Of course you can. Real estate, whether raw land or fully improved buildings, obviously has a function and will continue to. Real estate, in and of itself, is not subject to obsolescence. You know, like ambergris or Pets.com stock.
As long as people enjoy living, working and shopping on the earth’s surface, real estate in general will remain a handsome investment for somebody — regardless of whether the market is up or down. At least until we figure out levitation, which could be months away.
But public perception clouds everything. One staple of the local news in the past has been the sympathetic journalist interviewing the poor unfortunate who ended up in foreclosure, because he was mystified that adjustable-rate mortgages and fixed-rate mortgages are different things. So the population at large is now convinced that behind every real estate investment is an unscrupulous lender just waiting to take some nitroglycerin and a match to your life’s savings.
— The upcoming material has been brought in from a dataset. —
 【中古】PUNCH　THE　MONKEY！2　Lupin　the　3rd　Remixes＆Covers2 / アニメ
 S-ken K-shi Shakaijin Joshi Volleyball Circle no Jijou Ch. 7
- Read the contract. There’s a reason why although millions of mortgage holders owe more money on their houses than they’re worth, no lender has yet been forced to offer restitution to a gullible homeowner: because mortgage contracts are airtight. Instead, to appease an angry and idiotic public the government has taken to making changes by fiat.
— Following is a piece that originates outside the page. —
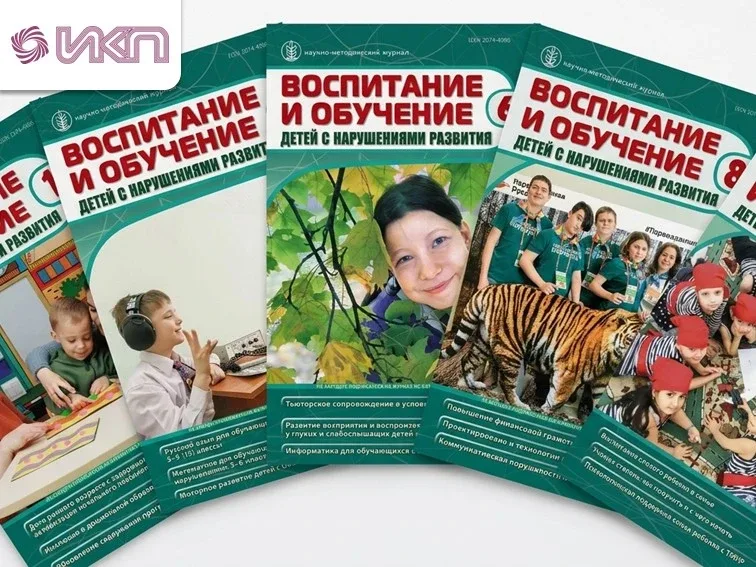 Выявление и изучение передовых подходов к организации обучения, социализации, профориентации и профе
- If that’s how you feel, why not be on the other side of the transaction?
Yeah, me. A real estate baron. Okay.
That’s exactly what we’re talking about. Via a handy creation called a Real Estate Investment Trust (the acronym, REIT, is pronounced “reet”).
It operates on the same principle as a mutual fund a fund manager creates an investment out of disparate pieces of other, more basic investments. In the case of a mutual fund, that means companies’ stocks, accumulated in differing proportions and sold to you and me in easily digestible chunks costing as little as $250. In the case of a REIT, a fund manager puts together real estate investments and lets you buy in.
This is not some new development. REITs have been around for more than 50 years. If you have a 401(k), there’s a 4-to-1 chance that you’re investing in one right now and don’t even realize it. (Wait, you mean you’re one of the people who actually does research to determine what’s in his 401(k)? Congratulations. Gold star for you.)
So with a REIT, I’m buying little pieces of all my neighbors’ houses?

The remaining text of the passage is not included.